Para los investigadores, formuladores de políticas, empresas y usuarios ocasionales extranjeros, el ataque a la información pública de China se está reduciendo silenciosamente a medida que un número creciente de sitios web oficiales se cierran fuera del país, según un nuevo estudio.
La fruncimiento está remotamente de ser insignificante. Varios sitios web del gobierno chino eran inaccesibles desde fuera del país, según mostraron los hallazgos, lo que indica el surgimiento de un “Gran Cortafuegos inverso”.
Esto sugiere un esfuerzo deliberado por parte de Beijing para impedir la ascendencia de datos extranjeros y la colección de inteligencia de fuente abierta, según los resultados de una investigación publicada este mes.
El artículo, publicado en el Journal of Cybersecurity el 5 de febrero, decía que las prácticas de aislamiento geográfico eran “fundamentales en este mejora”.

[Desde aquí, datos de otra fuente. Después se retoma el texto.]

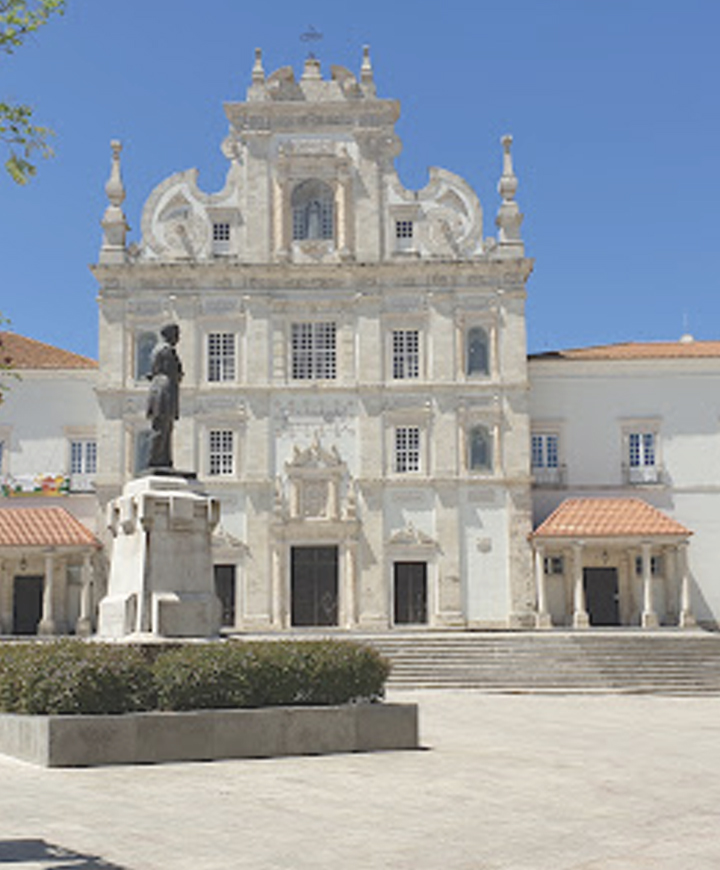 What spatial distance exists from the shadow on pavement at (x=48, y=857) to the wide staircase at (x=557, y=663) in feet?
60.1

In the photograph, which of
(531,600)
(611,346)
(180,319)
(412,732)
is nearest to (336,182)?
(180,319)

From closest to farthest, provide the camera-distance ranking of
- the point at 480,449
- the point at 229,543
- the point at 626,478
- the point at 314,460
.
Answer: the point at 229,543
the point at 314,460
the point at 480,449
the point at 626,478

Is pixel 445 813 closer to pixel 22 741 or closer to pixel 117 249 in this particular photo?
pixel 22 741

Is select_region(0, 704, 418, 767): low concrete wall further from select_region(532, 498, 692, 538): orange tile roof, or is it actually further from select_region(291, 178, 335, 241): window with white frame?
select_region(291, 178, 335, 241): window with white frame

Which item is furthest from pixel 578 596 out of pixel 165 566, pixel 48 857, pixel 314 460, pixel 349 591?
pixel 48 857

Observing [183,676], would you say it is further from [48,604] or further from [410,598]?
[410,598]

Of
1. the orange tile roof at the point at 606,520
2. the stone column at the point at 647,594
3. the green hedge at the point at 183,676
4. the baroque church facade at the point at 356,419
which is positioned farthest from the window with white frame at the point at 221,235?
the green hedge at the point at 183,676

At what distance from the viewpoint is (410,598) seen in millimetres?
38969

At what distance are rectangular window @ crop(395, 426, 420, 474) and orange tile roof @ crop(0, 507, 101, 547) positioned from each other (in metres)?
10.2

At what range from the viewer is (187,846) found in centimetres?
844

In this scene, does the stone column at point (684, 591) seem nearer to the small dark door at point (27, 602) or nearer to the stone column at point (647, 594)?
the stone column at point (647, 594)

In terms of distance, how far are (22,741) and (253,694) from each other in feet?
8.23

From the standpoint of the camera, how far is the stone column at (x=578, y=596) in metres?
37.9

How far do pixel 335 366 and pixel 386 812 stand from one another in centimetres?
3055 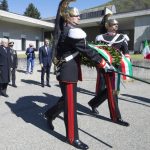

Dicho filtrado de Internet restringe el ataque al contenido en raya al identificar dónde se encuentra un sucesor a través de su protocolo de Internet o dirección IP y encerrar a los usuarios de ciertas regiones.
“Las autoridades de China fueron pioneras en el aislamiento geográfico de la misma forma que fueron pioneras en el Gran Cortafuegos ‘innovador’”, escribió el autor del artículo, Vincent Brussee, candidato a doctorado en la Universidad de Leiden en los Países Bajos.